Shaking away the instinctive longing, I began a new pile. It quickly became apparent that there were a great number of documents pertaining to Xander in my stack. His estate, his sister, his mother, his—now former—sister-in-law. Every facet of his life was reflected in these pages.

The man had money that nearly put Michael to shame—that much was clear. And he’d meticulously managed the funds to ensure that every single person in his life was cared for. Including his sister, who was apparently determined to see herself ruined if even half of these exploits were truthful.

“What?” Kit asked.

I turned to meet his gaze, his head cocked to the side in curiosity.

“Pardon?”

“You hummed. Did you have a question?”

“No… Yes—no.”

“Which is it?” he demanded.

“I have an… inappropriate question.”

“Yes?”

“Did Lady Davina truly invest in a whiskey company founded by pirates?”

His lip quirked in the corner in what I was coming to understand was his version of a smile. More than two years I’d known the man, and I couldn’t recall a single genuine, teeth-baring smile. This expression might have been the closest to one though—there was a crinkle in the corner of his dark eyes.

“Still does—though she thinks no one knows. And when I first learned of it, she insisted that it be known—they’re lady pirates. I’m not entirely certain why the distinction matters but who am I to question a lady?”

A fond note tinged his voice that had me biting back a smile.

“And the rest of these?” I asked, lifting up the stack in reference.

“All true, every last one.” He said it with a hint of pride in the curl of his lip.
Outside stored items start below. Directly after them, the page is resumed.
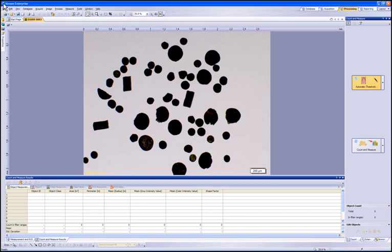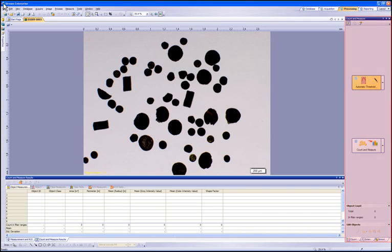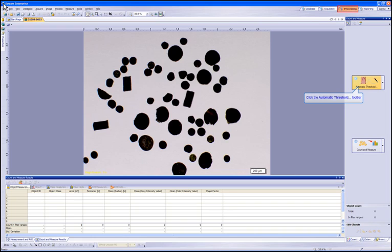Once you have your image captured with the particles to be counted clearly defined, you will need to interface with the count and measure tool window within the processing layout. First, you will need to set up the threshold for your image.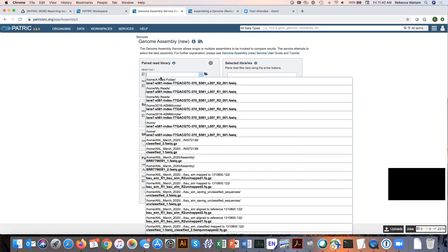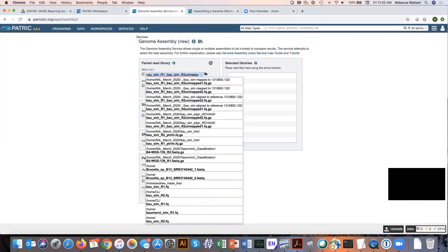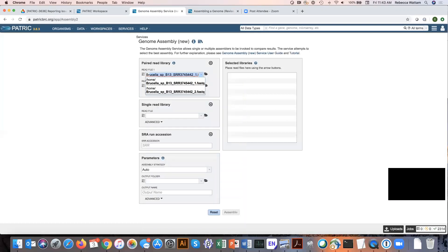However, if you loaded the reads a long time ago, you may remember what you called them and you can start typing the name. The autofill function in Patrick will try to find files with text that matches what you typed.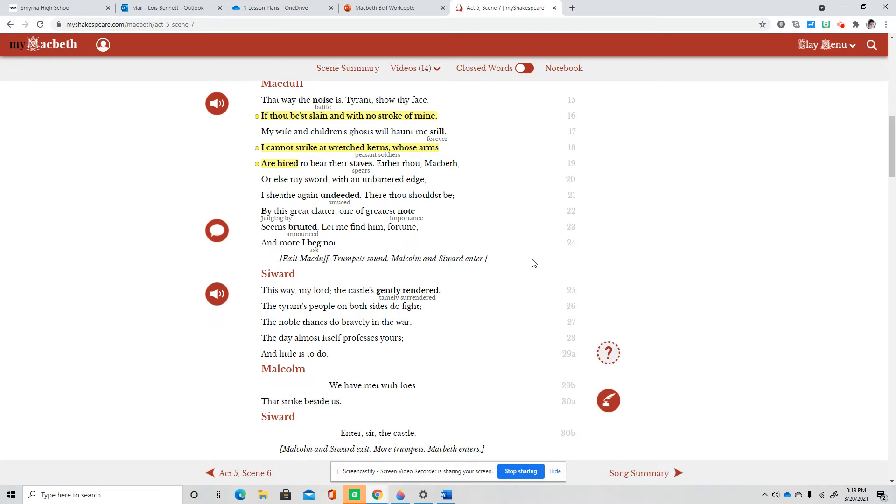This way, my lord. The castle's gently rended. The tyrant's people on both sides do fight. The noble things do bravely in the war. The day almost itself professes yours, and little is to do. We have met with foes that strike beside us. Enter, sir, the castle.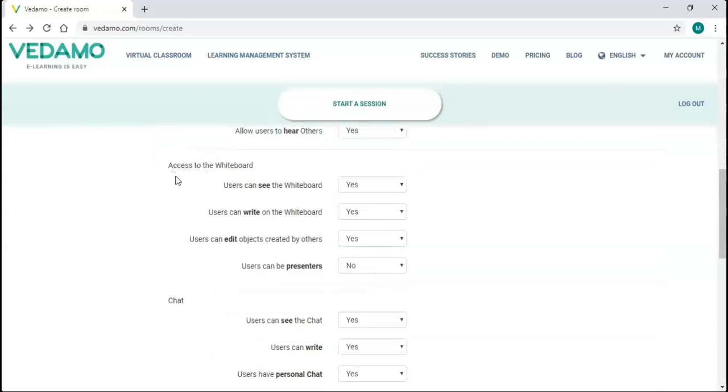The next section is access to the whiteboard. You can choose whether participants can see the whiteboard, write and edit objects, or be presenters. All of them are set to yes by default, except the presenter mode.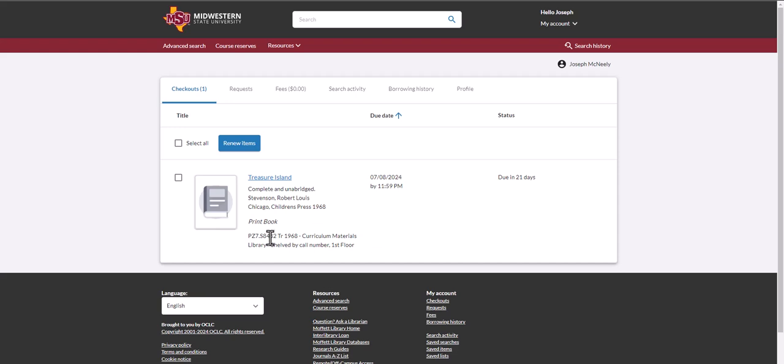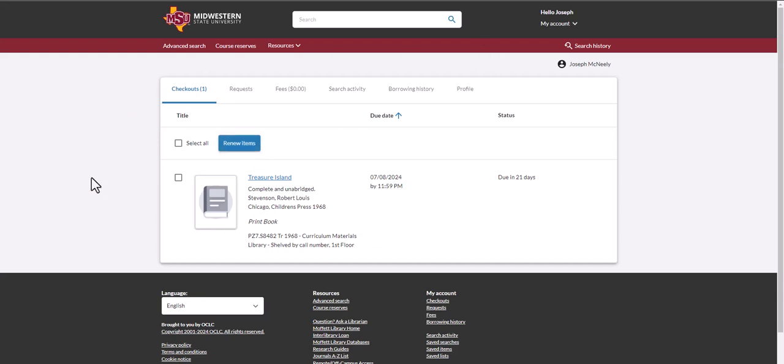On this page, you will see any books or other materials that you have checked out and their due date. If you need to extend your loan, simply click on Renew Items. There is more than one way to get to this page.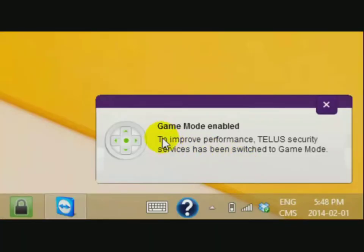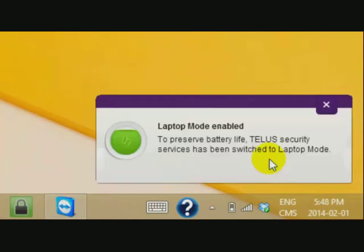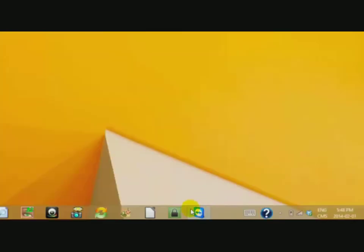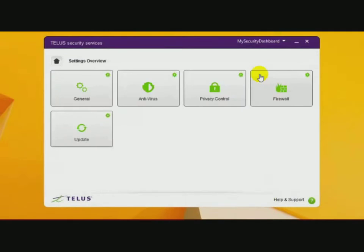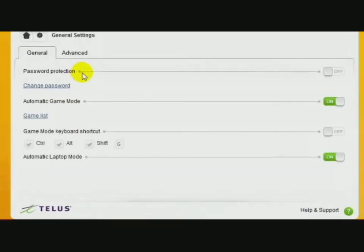Hi, I want to turn off Game Mode Enabled and Laptop Mode Enabled. I'm going into my Security Settings, which in this case is TELUS. Click on Settings, go to General, and right here,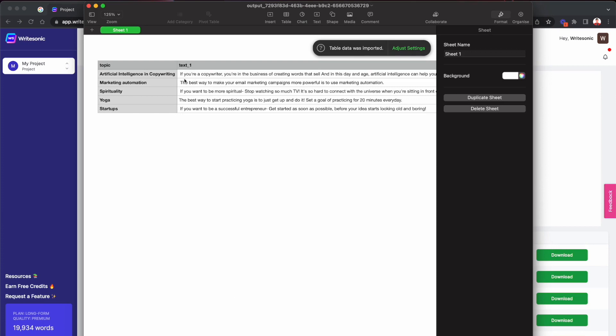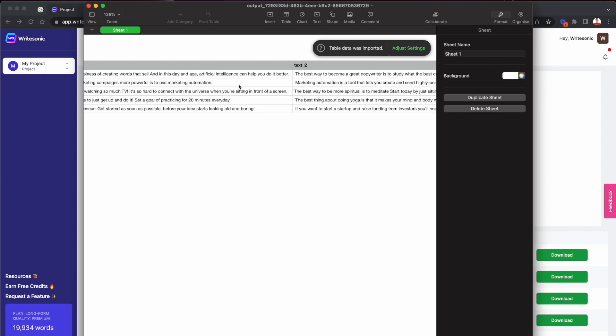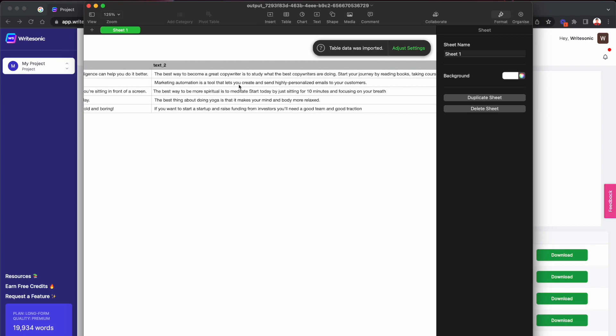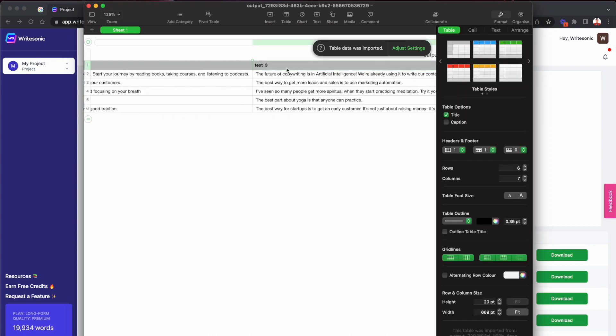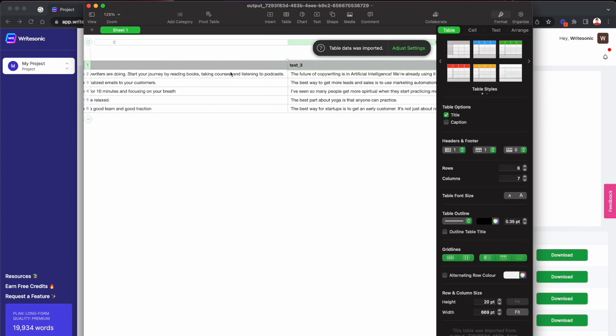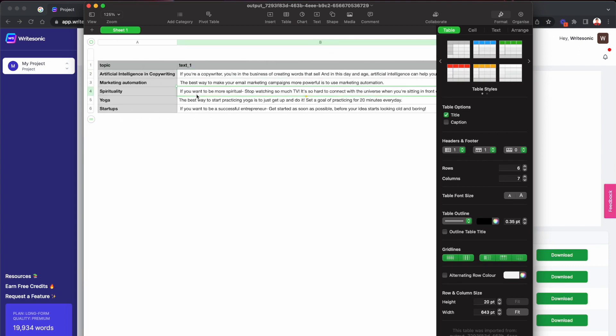And here you can see, so I added like five different topics over here and there are three different variations, so text one, text two, and text three. So three different tweet variations that WriteSonic came up with. And now you can basically copy paste these or go and post it on Twitter essentially.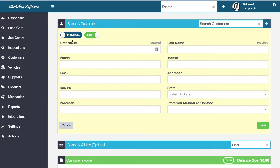When creating a customer you can set them as cash or account. If they're on account, when you finalize their invoice their bill goes onto their account and they pay you later — you'd send them a statement at the end of the month. If they're cash, the system expects payment at the point of finalization. You can also change this setting on an invoice-by-invoice basis.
“She’s a bit of a hellion then. The night at the club was nothing, it seems.”

“An absolute menace,” he agreed before turning back to his paperwork.

Dismissed, I returned to my own. Page after page, I unraveled a tiny bit of the mystery that was Alexander Hasket. Charitable landlord, deliberate landowner, caring brother, and doting son—his heedfulness was written in these pages.

And then I found it. On a page buried near the bottom of my original stack was an address. An address in Scotland. My heart tripped before rushing to catch up for the misstep.

It was wrong. It was entirely inappropriate. Kit would be furious. But God himself couldn’t have stopped me from carefully folding the parchment into fourths—quiet as a mouse—and slipping it into my pocket.

Trembling, I returned to my sorting with a renewed vigor it didn’t warrant, soot fingerprints littering the pages.

At last, around the time my back began to make a serious protest, Kit suggested we clean up and dine at a nearby pub.

Hours that felt like weeks later, I returned to my apartments with a pleasantly full belly and a promise to limit myself to no more than three glasses of scotch and assist at the offices again tomorrow.

I had no intention of keeping either promise, of course, and once I locked the door behind me, I slid down to the floor and pulled the parchment from my pocket—thankfully unharmed for my efforts.

Several glasses of scotch later, I fell into bed, entirely forgetting about the letter I’d written and addressed—abandoned atop my writing desk.